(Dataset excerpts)
::::::::::

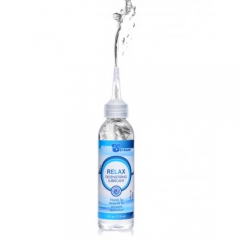 リラックス アナルローション 118ml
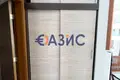 2 bedroom apartment 91 m² Nesebar, Bulgaria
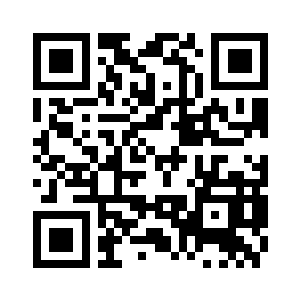 反正现在站在丁羽的面前二维码生成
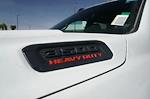 New 2026 Ram 3500 Lone Star Crew Cab for sale #266433 - photo 16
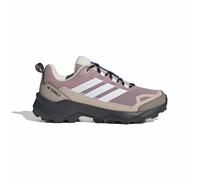 ADIDAS Terrex Skychaser Ax - Damen - - Größe 40- Modell 2026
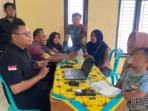 7.586 Penerima Bansos di Batang Diblokir akibat Judi Online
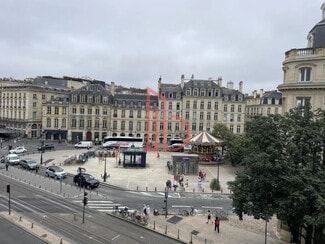 More details for Office for Lease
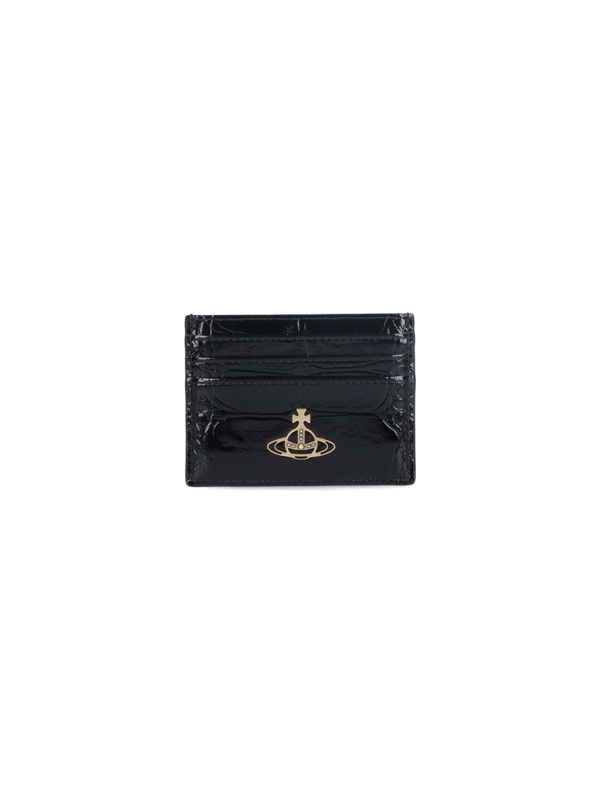 VIVIENNE WESTWOOD カードの財布 54030006W L00AU N403 楽天市場】ヴィヴィアンウエストウッド 長財布 レディース
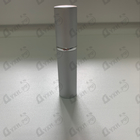 Отзывы Franck Boclet Tobacco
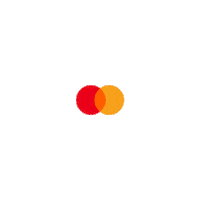 Card Sticker by Mastercard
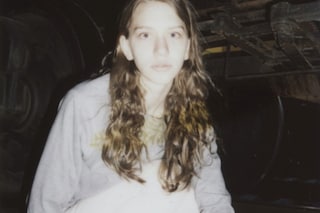 22Sonya Kydeeva, post-Soviet youth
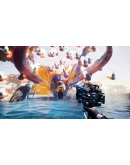 SatisfactoryНа ваш STEAMЛюбой регион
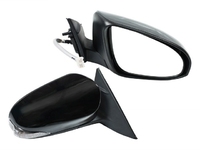 CAMRY Side-view mirror right (TYSLTO03506R)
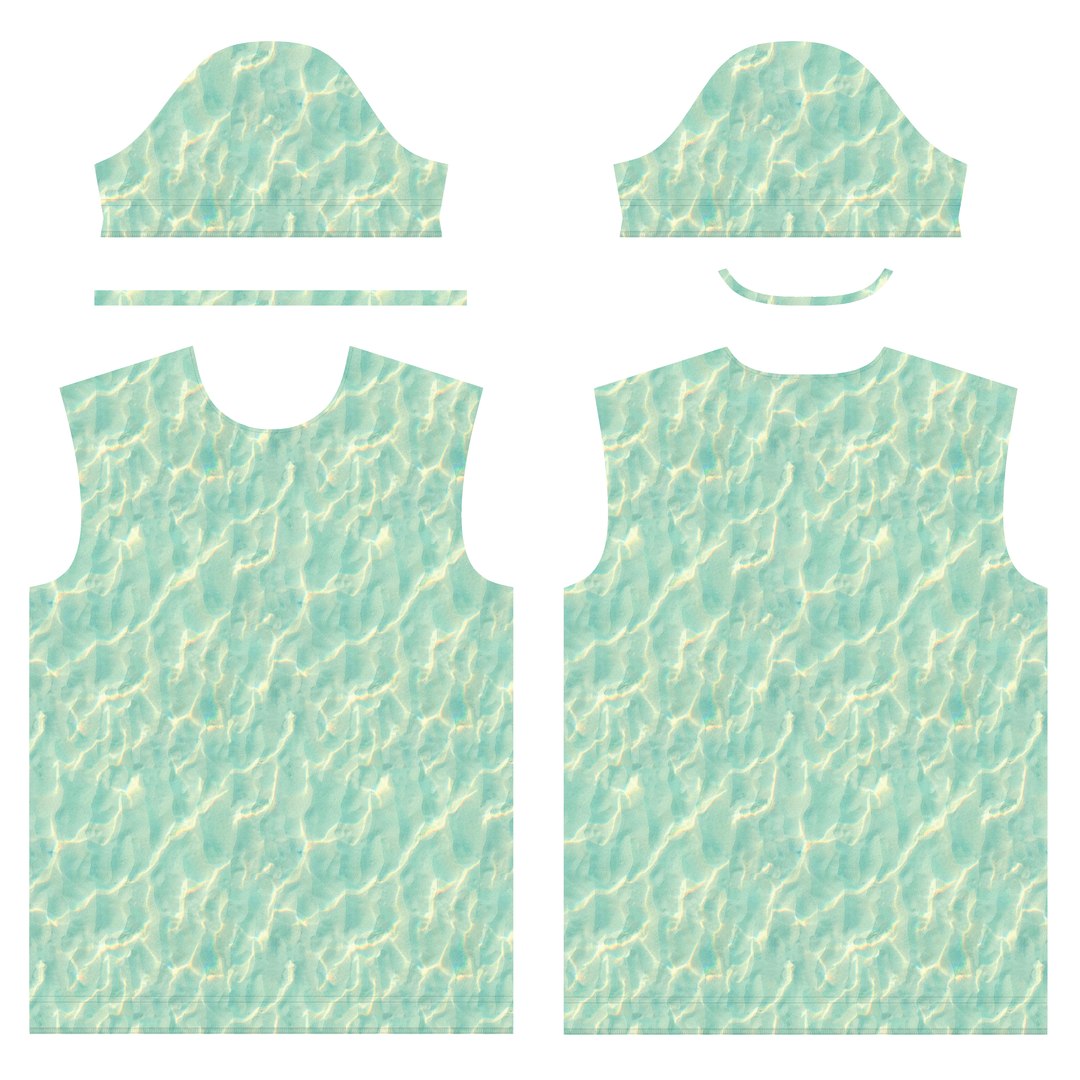 T-Shirt OBJ 3D model 3D model https://p.turbosquid.com/ts-thumb/6Q/ov3jgh/hi/diffuse01/png/1638918078/1920x1080/fit_q87/35af580ff3010dd298828cb07e55a454b7b74c42/diffuse01.jpg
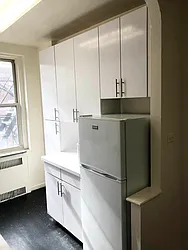 Rented by Contact Realty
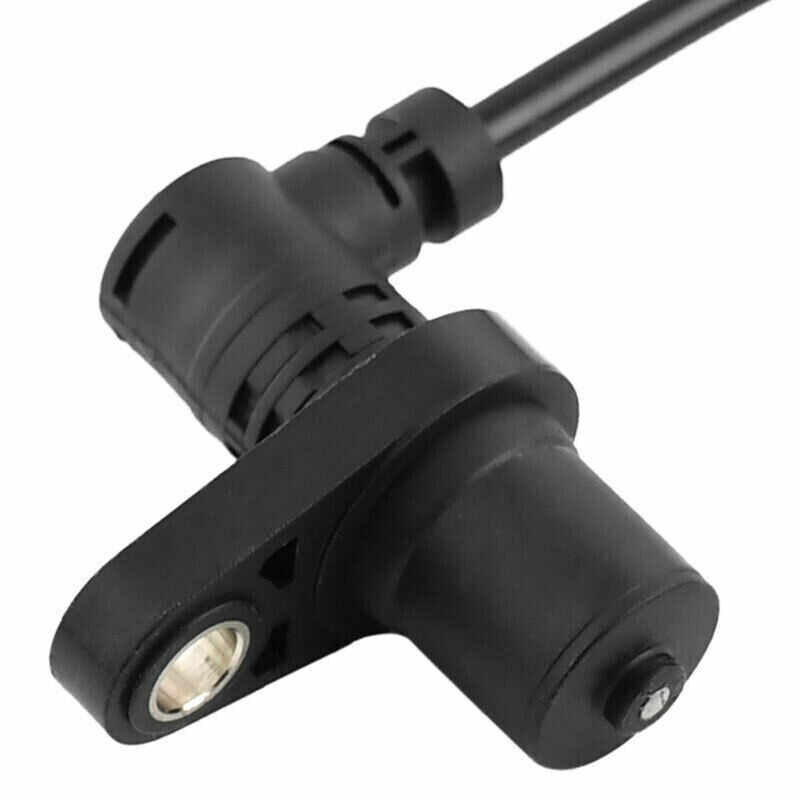 ABS Speed Sensor For 2007-2011 Toyota Camry Front Driver and Passenger Side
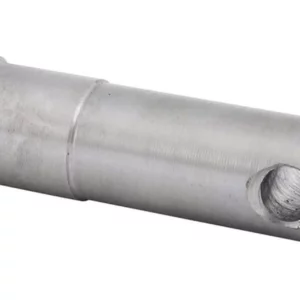 Sworzeń dźwigni zawieszenia cięgła dolnego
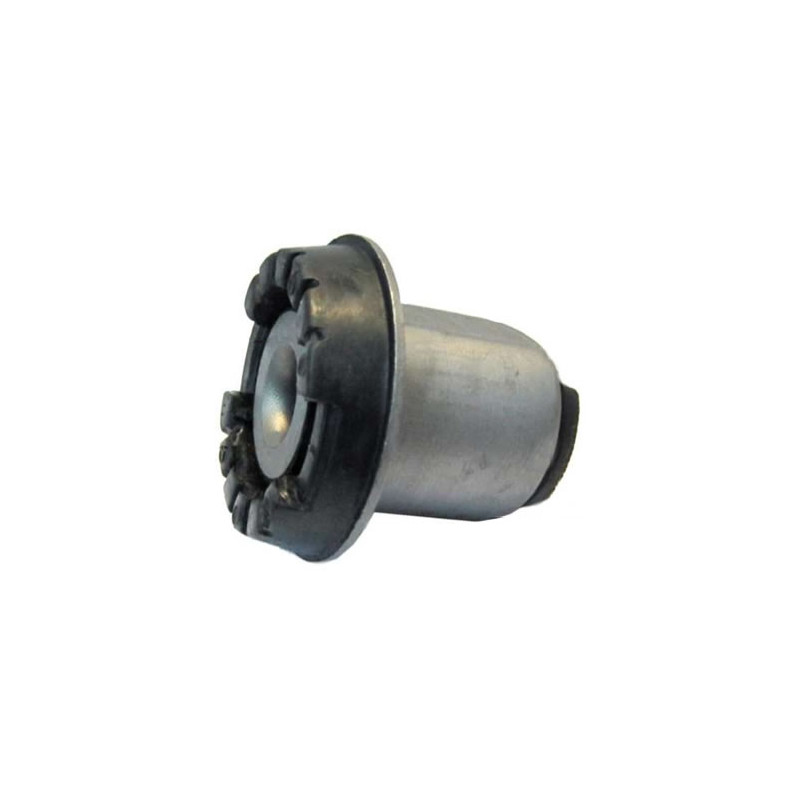 BUJES VARIOS DE SUSPENSION CAPEMI 1776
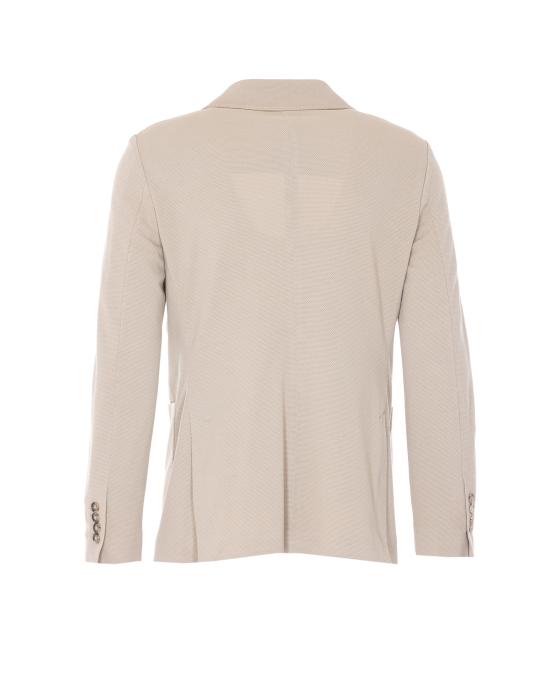 26SS 치르콜로1901 수트 자켓 CN5196 1191T Beige - CIRCOLO 1901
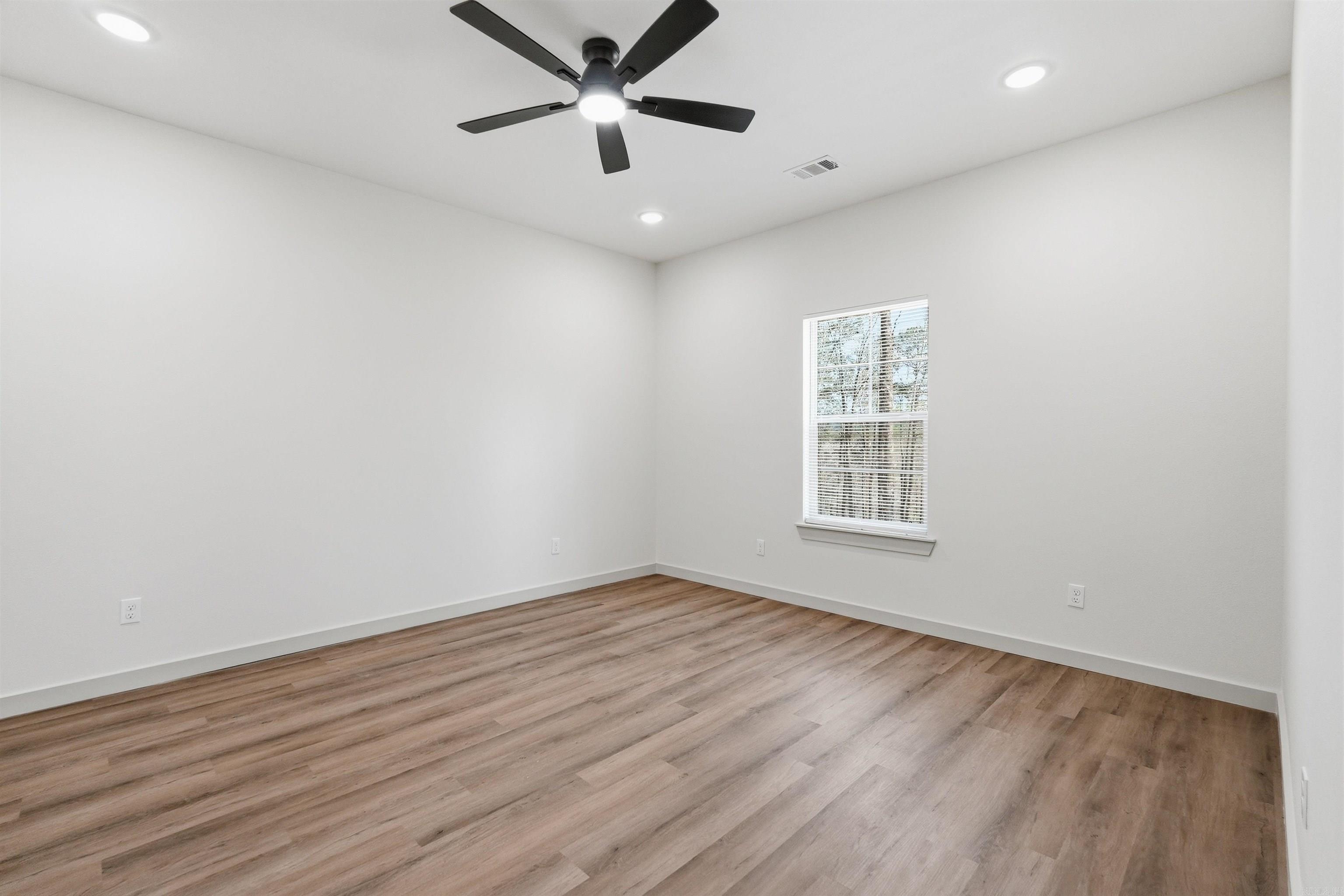 DIAMONDHEAD - Residential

::::::::::

Retype, please, exactly the lines that begin with the one containing "ABS Speed Sensor" and end at the last line of the entries above, both included, leaving out pictures.

■ Result for this task
 ABS Speed Sensor For 2007-2011 Toyota Camry Front Driver and Passenger Side
 Sworzeń dźwigni zawieszenia cięgła dolnego
 BUJES VARIOS DE SUSPENSION CAPEMI 1776
 26SS 치르콜로1901 수트 자켓 CN5196 1191T Beige - CIRCOLO 1901
 DIAMONDHEAD - Residential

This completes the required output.